Quite a few times during my work, we often dealt with semantic similarity. Indeed it is a widely used concept which, for example, could be a core functionality for a:
- document management system,
- photo and video cloud product (like Google or Amazon Photo),
- marketing platform which searches similar groups of people using their postings in social media,
- knowledge management system,
- and many other things.
And we’ve learned the hard way some practical specifics essential for Semantic Similarity functionality, which I will share with you today.
Approaches
As usual, we will start with a brief review of the domain.
Most of the time, the algorithm of calculation in Semantic Similarity ML models looks like following:
- Prepare the dataset.
- Train the model of use pre-trained model.
- Encode the texts we would like to compare to be fed to the model.
- Using the model, calculate the similarity of texts or measure how different they are.
The most often and widely used group of approaches are statistical methods based on a corpus. Corpus is a fancy word that means text that you have. Statistical techniques usually work well, but they have certain challenges for practical implementations.
In a nutshell, Corpus-based approaches calculate how often specific words or phrases are used together. For example, the term ‘actor’ is more often used with ‘movie’, but not ‘marshmallow’. This is calculated based on frequencies of certain words (or digrams, trigrams, etc.) that appear in the same phase and/or sentence.
In the same way, an algorithm can calculate the frequencies of specific phrases consisting of two (digram), three (trigram), and more words to appear in the same context (sentence, paragraph, etc.).
Based on statistical analysis (which I explained very briefly, and it is much more complicated), an algorithm can calculate the numerical representation of each word.

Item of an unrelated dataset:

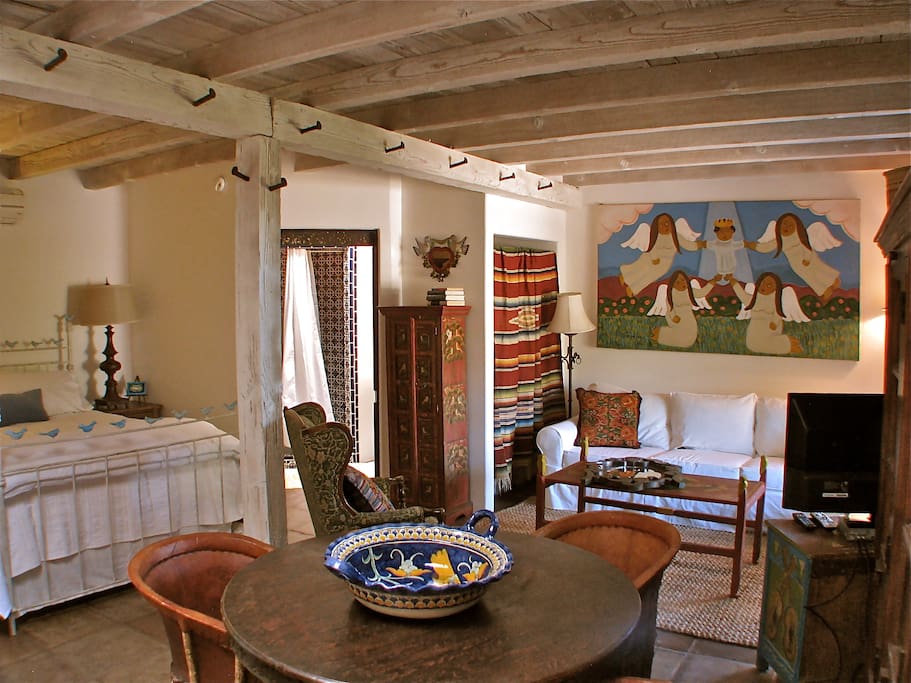 View of bed, bathroom, and sitting area.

Words represented by numbers can be combined in a numerical representation of a phrase and/or sentence (and even a paragraph). It is called ‘vector representation’ because we represent a sentence with a vector of numbers which each represents a word (for example, [234, 14, 11, 3, 18].

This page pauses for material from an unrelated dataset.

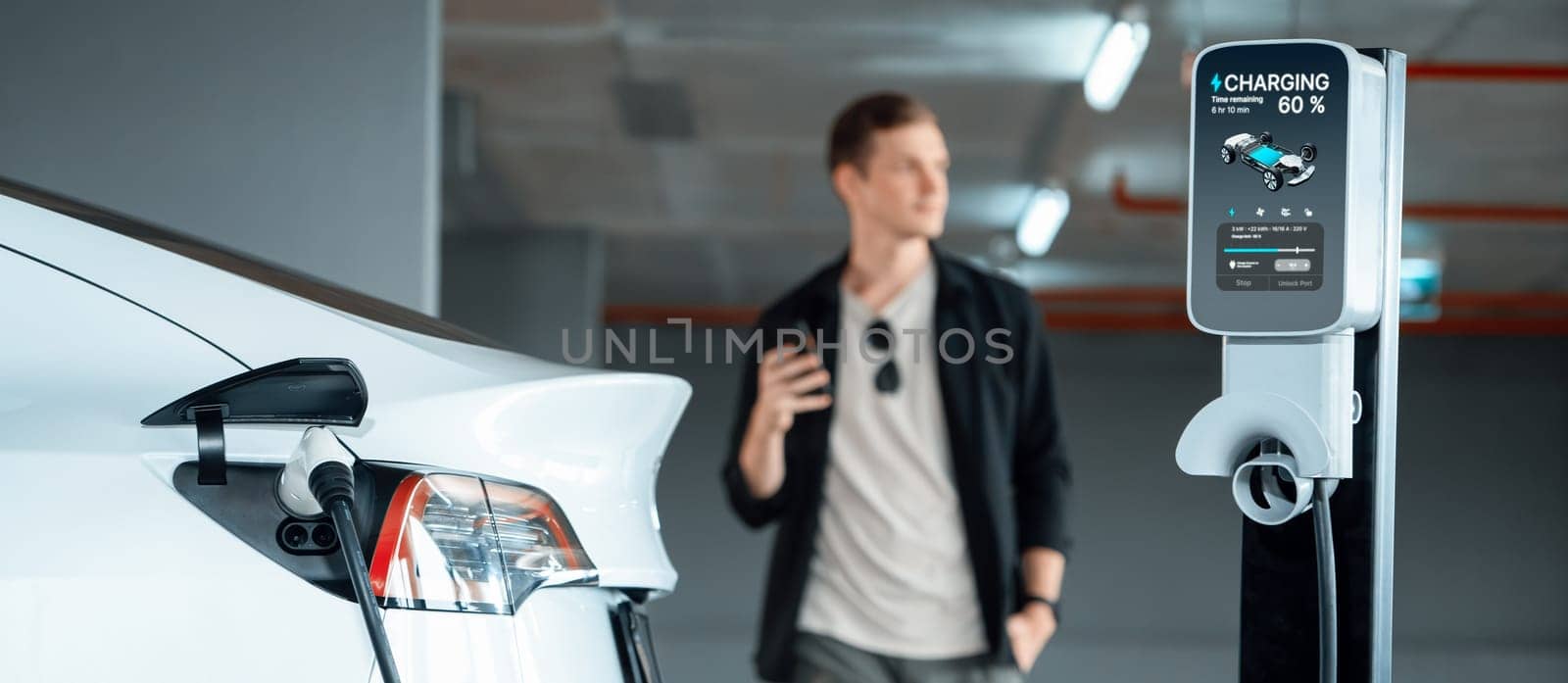 Young man travel with EV electric car to shopping center parking lot charging in downtown city showing urban sustainability lifestyle by green clean rechargeable energy of electric vehicle innards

At first, we ‘tokenize’ the sentence (divide into pieces, and keep only important among them), and then we create a vector representation of a sentence or phrase. Then we feed vector representation to the model, which produces ’embedding’ – a conceptual numerical representation of a word, a sentence, or phrase. To some extent, Embedding represents a concept or a meaning of a word or a sentence.
Embedding is also a vector containing numbers. Depending on how complicated concepts we want to represent, we use different dimensions for a vector. It can be a 16 for something simple or 512 and more dimensions for something more complex.
When we have two embeddings representing sentences, we can calculate their similarity. There are many ways to measure similarities between vectors. It could be Euclidean distance, which measures the distance between all coordinates/values of a vector. Another way of measuring similarity is a Cosine similarity, which works better with NLP because it considers the distance and a cosine between two vectors.
I will not bother you with complicated (and simple formulas) and tell you that there is an easy way to measure Cosine similarity called ‘dot product’. Technically it is not precisely cosine similarity, but it is pretty similar. It measures angle and magnitude between two vectors, while Cosine similarity measures only the angle.
We will review a practical implementation of the dot product below.
Solutions
There are quite a few solutions designed to simplify working with NLP:
- Gensim and NLTK: This combination is the most commonly used toolset in NLP projects. It has everything necessary and a straightforward API.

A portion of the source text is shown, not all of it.